= Records to process =
Content starts
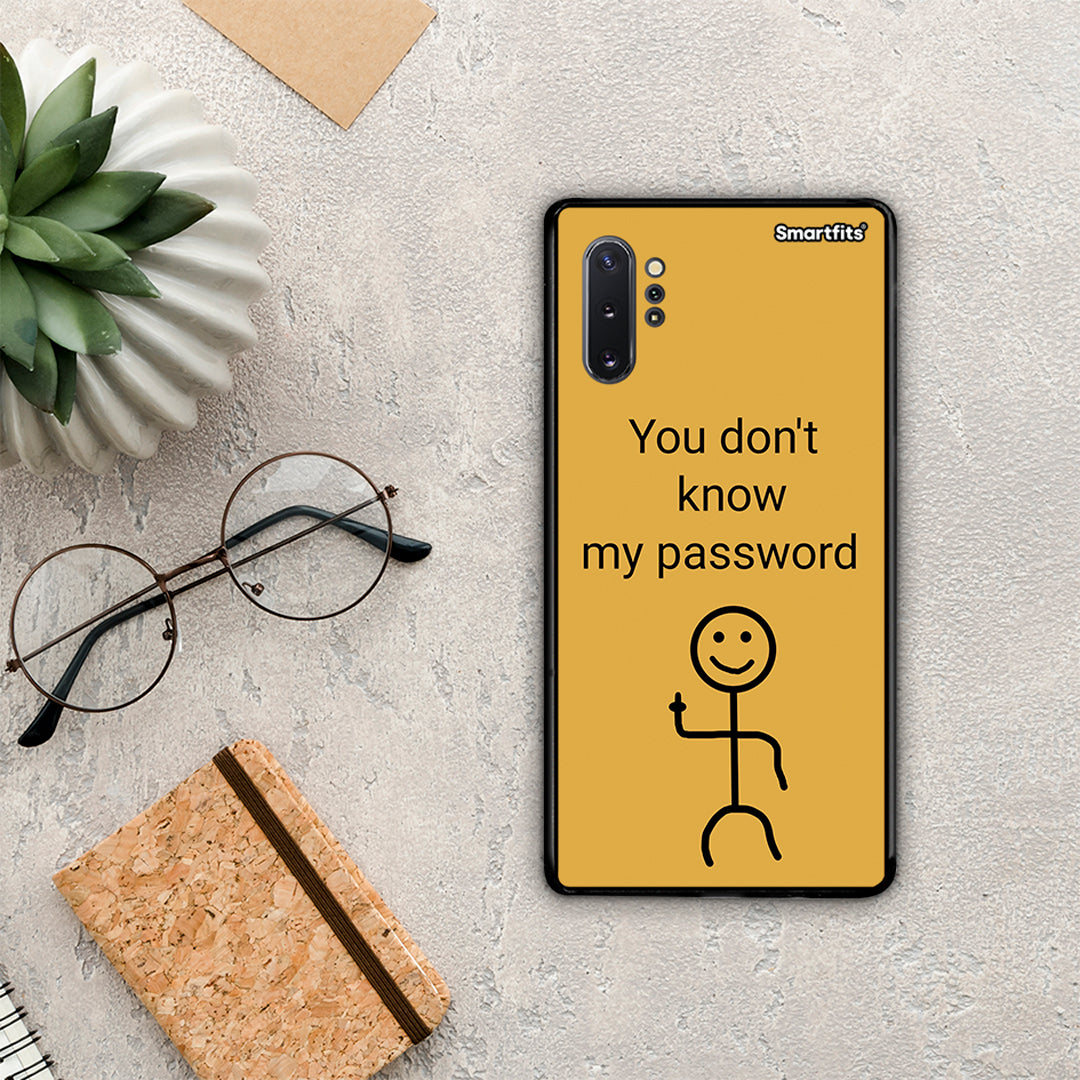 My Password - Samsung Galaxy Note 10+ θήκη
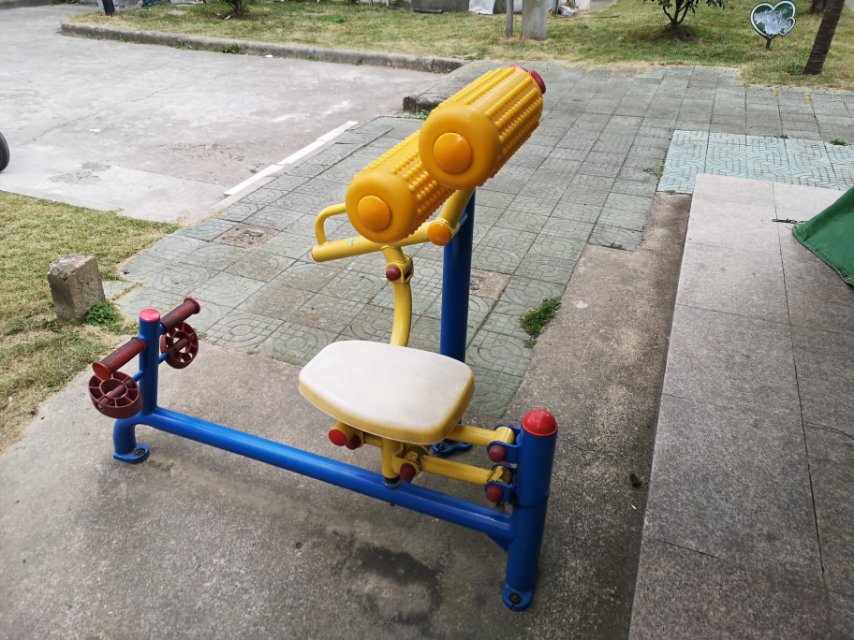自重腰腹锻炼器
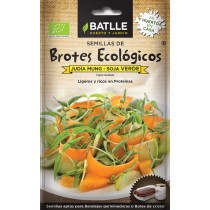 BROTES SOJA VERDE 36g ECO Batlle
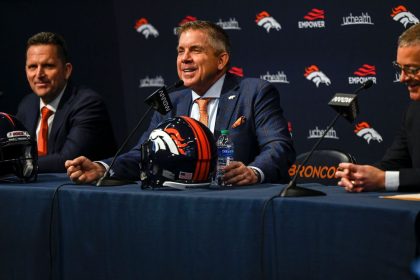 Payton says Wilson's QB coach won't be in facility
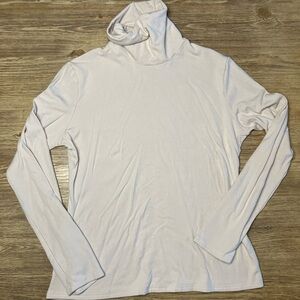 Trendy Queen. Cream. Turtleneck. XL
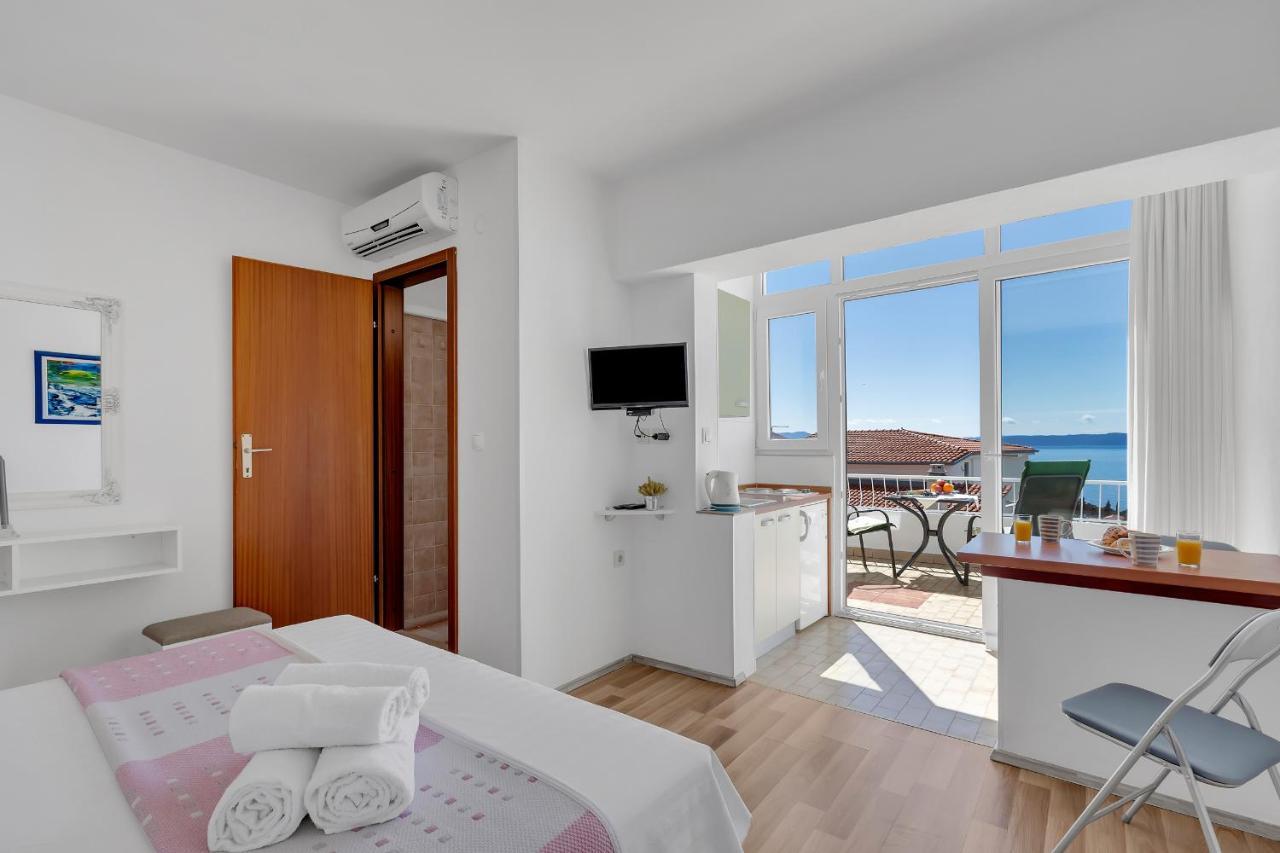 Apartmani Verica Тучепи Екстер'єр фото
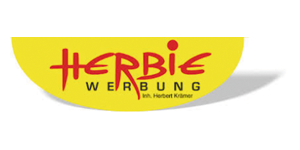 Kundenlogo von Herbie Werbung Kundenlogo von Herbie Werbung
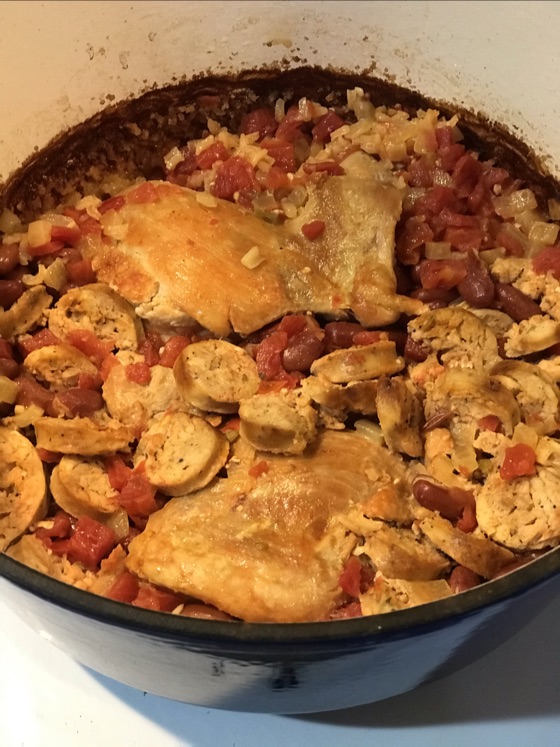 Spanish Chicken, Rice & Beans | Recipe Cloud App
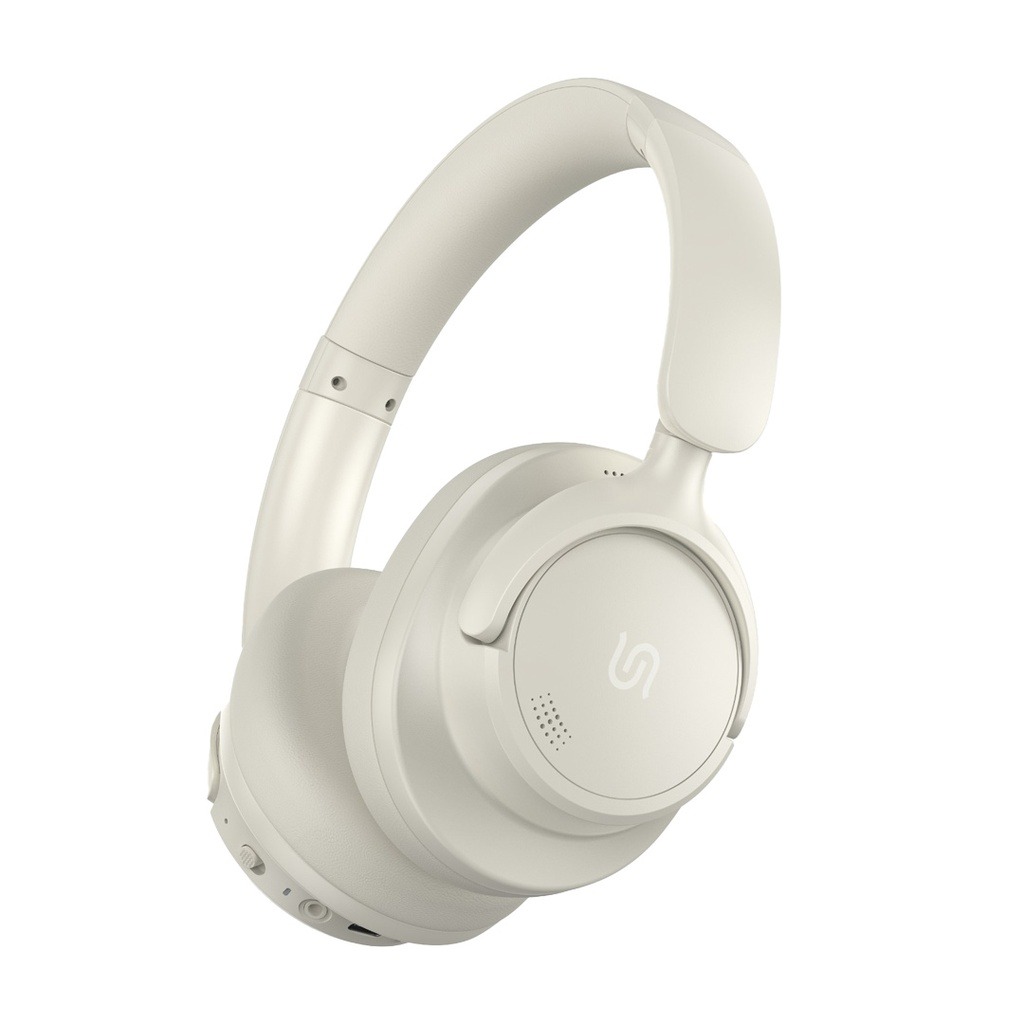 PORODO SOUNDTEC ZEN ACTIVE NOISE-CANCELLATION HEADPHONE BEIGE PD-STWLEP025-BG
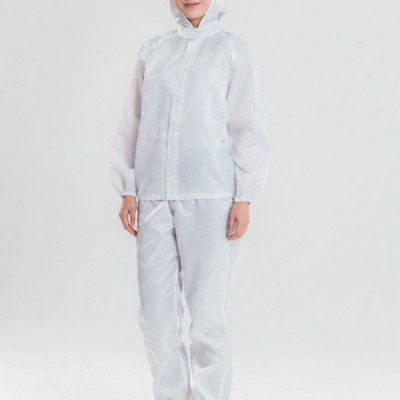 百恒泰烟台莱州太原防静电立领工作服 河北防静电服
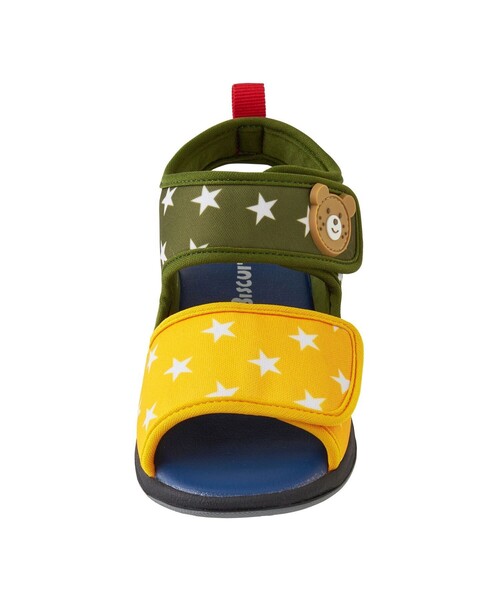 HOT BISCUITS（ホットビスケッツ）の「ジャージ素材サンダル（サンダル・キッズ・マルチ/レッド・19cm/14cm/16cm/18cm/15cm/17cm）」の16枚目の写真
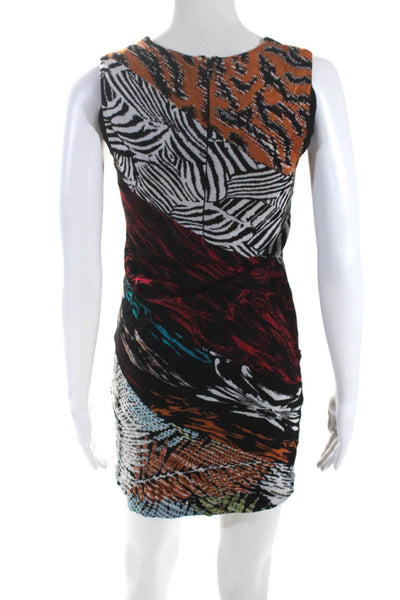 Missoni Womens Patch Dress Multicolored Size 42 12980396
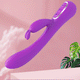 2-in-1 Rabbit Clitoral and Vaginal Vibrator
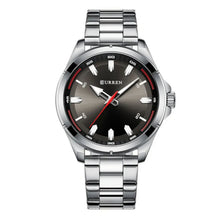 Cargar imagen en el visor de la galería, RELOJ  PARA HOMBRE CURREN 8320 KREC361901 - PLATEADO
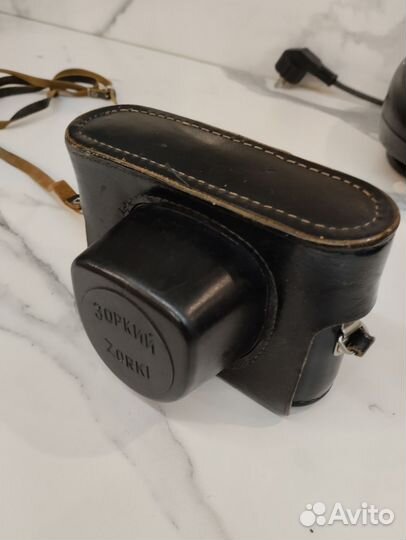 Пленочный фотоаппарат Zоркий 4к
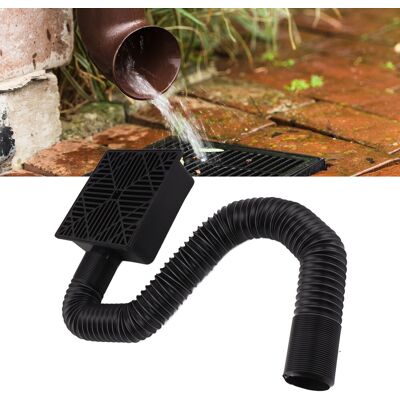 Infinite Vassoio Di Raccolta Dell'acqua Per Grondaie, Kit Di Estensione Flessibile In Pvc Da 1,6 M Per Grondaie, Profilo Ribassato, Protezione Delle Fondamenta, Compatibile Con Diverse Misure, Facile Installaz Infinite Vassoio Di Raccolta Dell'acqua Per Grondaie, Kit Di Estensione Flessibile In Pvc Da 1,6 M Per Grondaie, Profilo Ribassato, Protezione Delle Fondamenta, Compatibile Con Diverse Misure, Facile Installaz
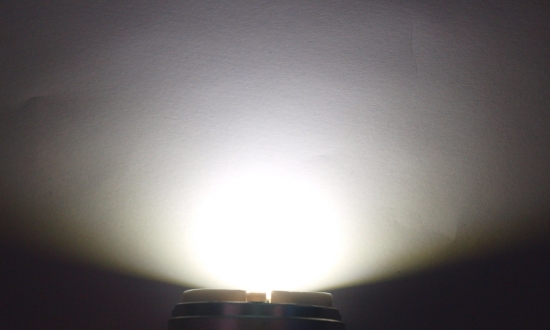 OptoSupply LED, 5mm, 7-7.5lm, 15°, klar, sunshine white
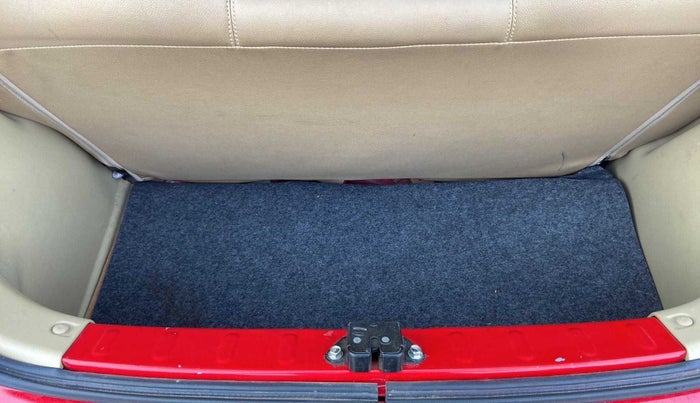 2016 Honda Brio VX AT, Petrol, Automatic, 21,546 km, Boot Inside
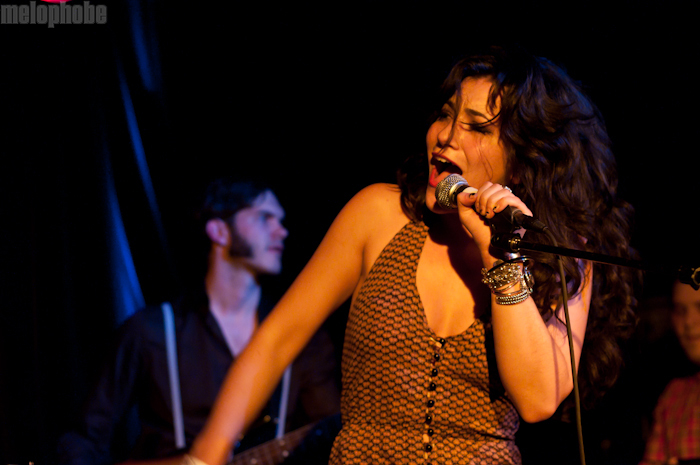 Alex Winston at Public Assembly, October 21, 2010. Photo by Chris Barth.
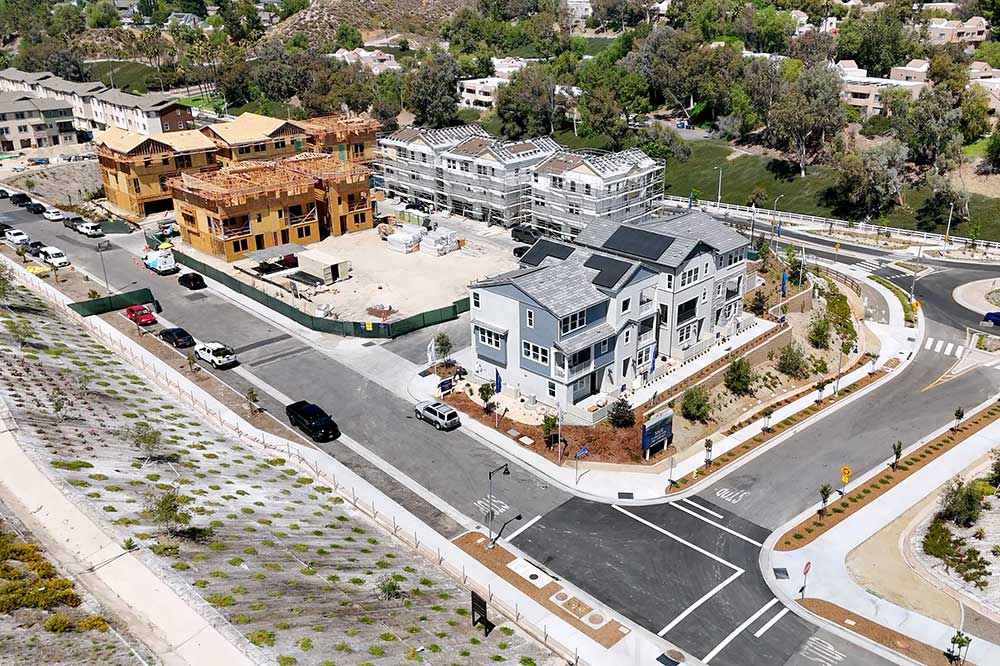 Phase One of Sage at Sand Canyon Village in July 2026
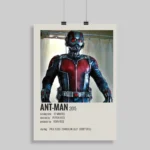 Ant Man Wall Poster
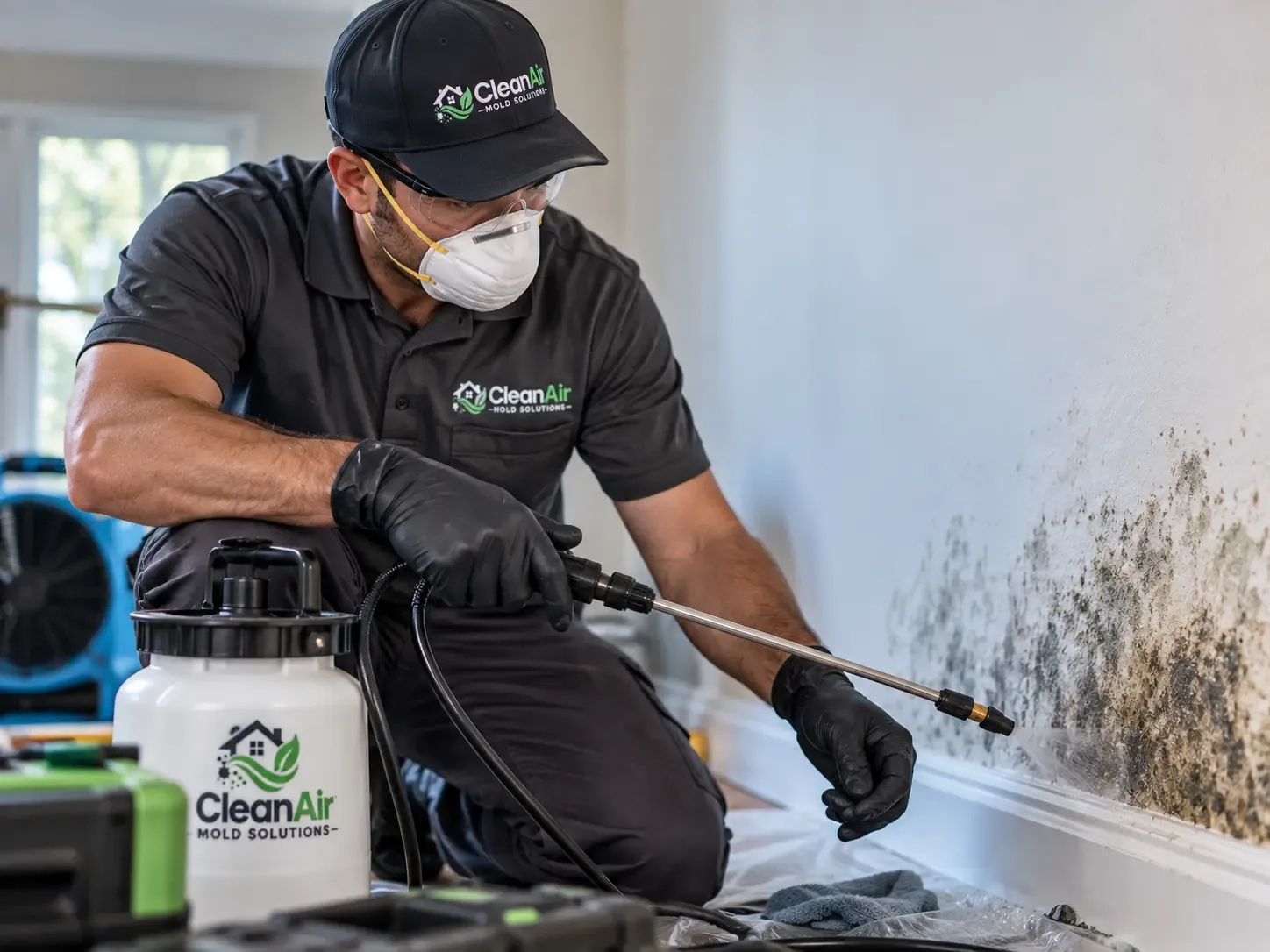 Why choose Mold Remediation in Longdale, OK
Content ends
= Your objective =
Please print every record exactly, leaving out the pictures.

= Solution for this problem =
 My Password - Samsung Galaxy Note 10+ θήκη
自重腰腹锻炼器
 BROTES SOJA VERDE 36g ECO Batlle
 Payton says Wilson's QB coach won't be in facility
 Trendy Queen. Cream. Turtleneck. XL
 Apartmani Verica Тучепи Екстер'єр фото
 Kundenlogo von Herbie Werbung Kundenlogo von Herbie Werbung
 Spanish Chicken, Rice & Beans | Recipe Cloud App
 PORODO SOUNDTEC ZEN ACTIVE NOISE-CANCELLATION HEADPHONE BEIGE PD-STWLEP025-BG
 百恒泰烟台莱州太原防静电立领工作服 河北防静电服
 HOT BISCUITS（ホットビスケッツ）の「ジャージ素材サンダル（サンダル・キッズ・マルチ/レッド・19cm/14cm/16cm/18cm/15cm/17cm）」の16枚目の写真
 Missoni Womens Patch Dress Multicolored Size 42 12980396
 2-in-1 Rabbit Clitoral and Vaginal Vibrator
 Cargar imagen en el visor de la galería, RELOJ  PARA HOMBRE CURREN 8320 KREC361901 - PLATEADO
 Пленочный фотоаппарат Zоркий 4к
 Infinite Vassoio Di Raccolta Dell'acqua Per Grondaie, Kit Di Estensione Flessibile In Pvc Da 1,6 M Per Grondaie, Profilo Ribassato, Protezione Delle Fondamenta, Compatibile Con Diverse Misure, Facile Installaz Infinite Vassoio Di Raccolta Dell'acqua Per Grondaie, Kit Di Estensione Flessibile In Pvc Da 1,6 M Per Grondaie, Profilo Ribassato, Protezione Delle Fondamenta, Compatibile Con Diverse Misure, Facile Installaz
 OptoSupply LED, 5mm, 7-7.5lm, 15°, klar, sunshine white
 2016 Honda Brio VX AT, Petrol, Automatic, 21,546 km, Boot Inside
 Alex Winston at Public Assembly, October 21, 2010. Photo by Chris Barth.
 Phase One of Sage at Sand Canyon Village in July 2026
 Ant Man Wall Poster
 Why choose Mold Remediation in Longdale, OK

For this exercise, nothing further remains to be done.